—Comment a-t-il pris ce déluge de viande?

—Très-bien; je lui ai dit ce dont nous étions convenus... que je lui faisais crédit sur son brillant avenir, qui m’avait été annoncé par une tireuse de cartes... Alors il a joué sans scrupule des mâchoires... C’est plaisir d’avoir un gaillard pareil à l’engrais... Il profite en diable.

—Très-bien. Continuez et songez à la prime que vous réserve le comité.

Sur ce, Bokel était revenu chez lui et, suivant sa coutume de parler à mi-voix quand il réfléchissait, un passant à l’oreille fine aurait pu l’entendre qui murmurait:

—Pendant que le cousin engraisse, Polac se tient en jolie maigreur... Mon futur gendre m’a fait un instant peur en mangeant à gogo chez moi, mais j’y ai mis bon ordre à l’aide de mon café purgatif.

Ce gueux de Bokel disait juste. Si les jours, grâce à Paméla, faisaient la joie de Timoléon, les nuits causaient le désespoir du jeune homme, qui, à chacune de ses cinq ou six promenades nocturnes, se répétait:

—Décidément, ça ne me profite pas de manger à ma faim!

Disons encore que, pendant ces dix jours, M. de la Morpisel avait deux fois fait réclamer l’habit que Bokel avait promis de lui rapporter tout réparé sous quarante-huit heures.
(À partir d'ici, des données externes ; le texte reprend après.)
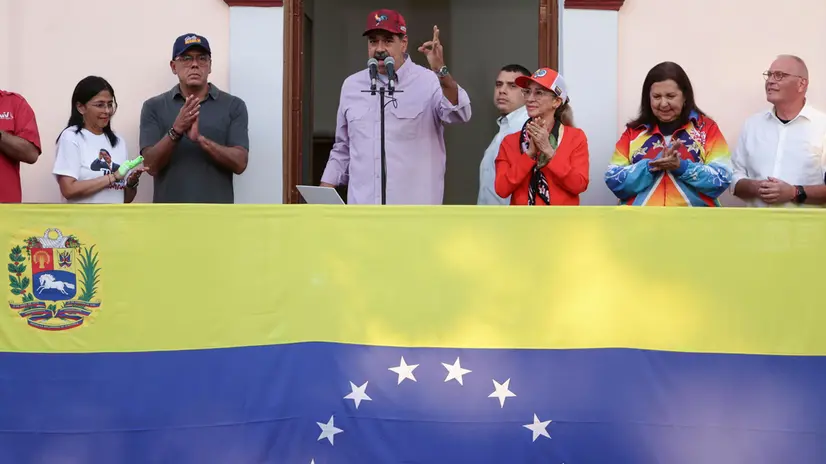 epa12269467 Venezuelan President Nicolas Maduro (C) speaks at a march celebrating the first anniversary of his second reelection, in Caracas, Venezuela, 28 July 2025. EPA/Ronald Peña R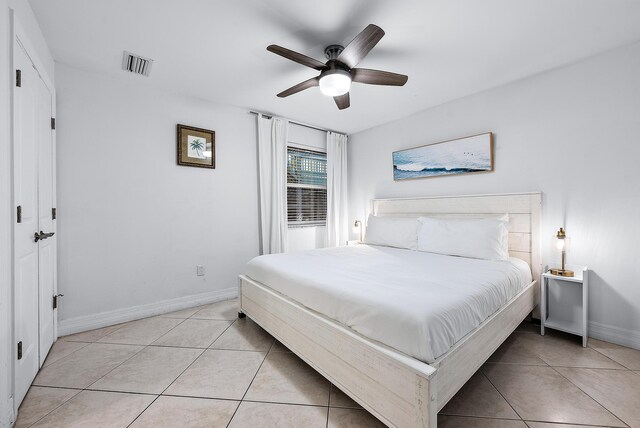 bedroom with light tile patterned floors, a ceiling fan, visible vents, and baseboards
Enfin arriva le jour où Polac et Paméla furent mariés.

Nous n’avons pas à détailler les pompes et les joies de la noce de nos jeunes gens. Ce fut, pour ainsi dire, un mariage à huis clos, grâce à Bokel, aussi partisan de l’économie qu’ennemi du fla-fla. A l’issue de la cérémonie, un déjeuner fut offert aux témoins de rigueur et à deux ou trois amies de pension de la mariée.